Of the 12,015 people who had summited Everest by the end of 2023, only 15 have reached the top in winter. Thirty-four expeditions have tried, including 13 without bottled oxygen. Only five of those expeditions were successful, and just one of the 15 summiters did so without oxygen. Only one person topped out alone.

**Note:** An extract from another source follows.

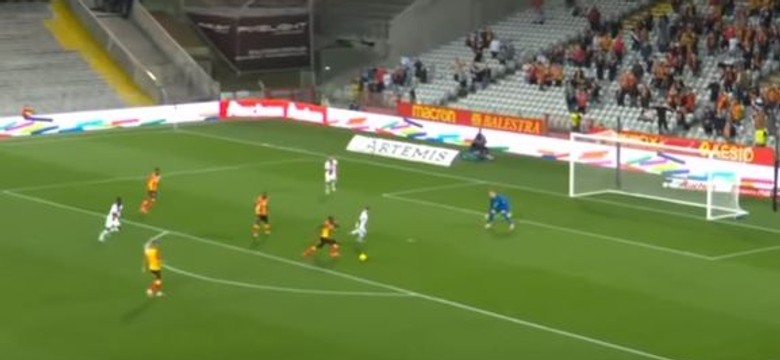 Przez Marcina Bułkę Paris Saint-Germain przegrało z Lens. Co on zrobił? [WIDEO]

Everest became the first 8,000m peak ascended in winter when Polish climbers Leszek Cichy and Krzysztof Wielicki topped out using supplemental oxygen on Feb. 17, 1980. Yet Everest’s winter climbing history is much more interesting than statistics and records. Thanks to detailed expedition reports, we can get a taste of just how hard it is to climb an 8,000m peak in winter. With Jost Kobusch making his third attempt this season, it is a good time to look at Everest’s winter history.
Winter beginnings
Between 1950 and 1964, all 14 of the 8,000’ers were climbed for the first time. But none of those came in winter. It took nine long years after climbers bagged the final 8,000m peak (Shisha Pangma, 1964) that climbers made it above 7,000m in winter.
On Feb. 13, 1973, Polish climbers Andrzej Zawada and Tadeusz Piotrowski summited 7,492m Noshaq, the second-highest mountain in the Hindu Kush. One year later, Zawada led a winter expedition to Lhotse. On Dec. 25, Zawada and teammate Zyga Heinrich reached 8,250m before an approaching storm forced them to retreat. During the expedition, they observed weather conditions in the Everest area. Soon after, the Poles began to think about getting a winter permit for Everest.

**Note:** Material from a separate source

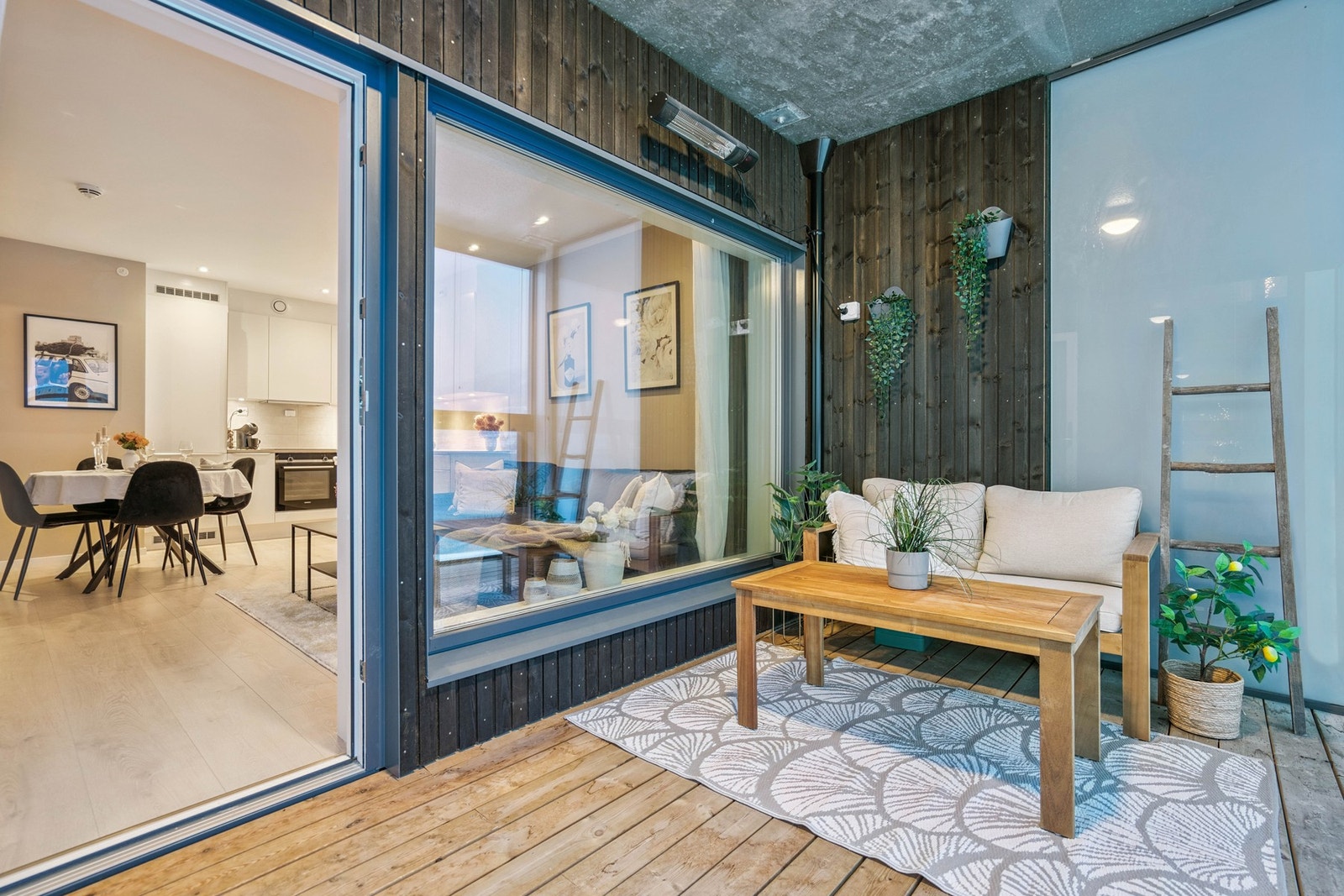 Praktisk løsning med innglasset terrasse av god størrelse! Galleribilde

After a long wait, a permit finally arrived in November 1979. The Polish team chose the South Col-Southeast Ridge (normal) route. Zawada’s team included 20 Polish climbers, six hired workers above Base Camp, and climbing sherpa Pemba Norbu.
Brutal weather
According to Jozef Nyka’s report for the American Alpine Journal, the expedition arrived in Base Camp on Jan. 5, 1980. Things looked hopelessly bleak. Wild winds blew from the north, and the temperature stayed very low. High on the mountain, they observed jagged snow banners. The glacial streams froze, and melted ice was the only source of water.
Temperatures hovered between -25ºC and -45ºC. Hurricane-strength winds pounded the mountain.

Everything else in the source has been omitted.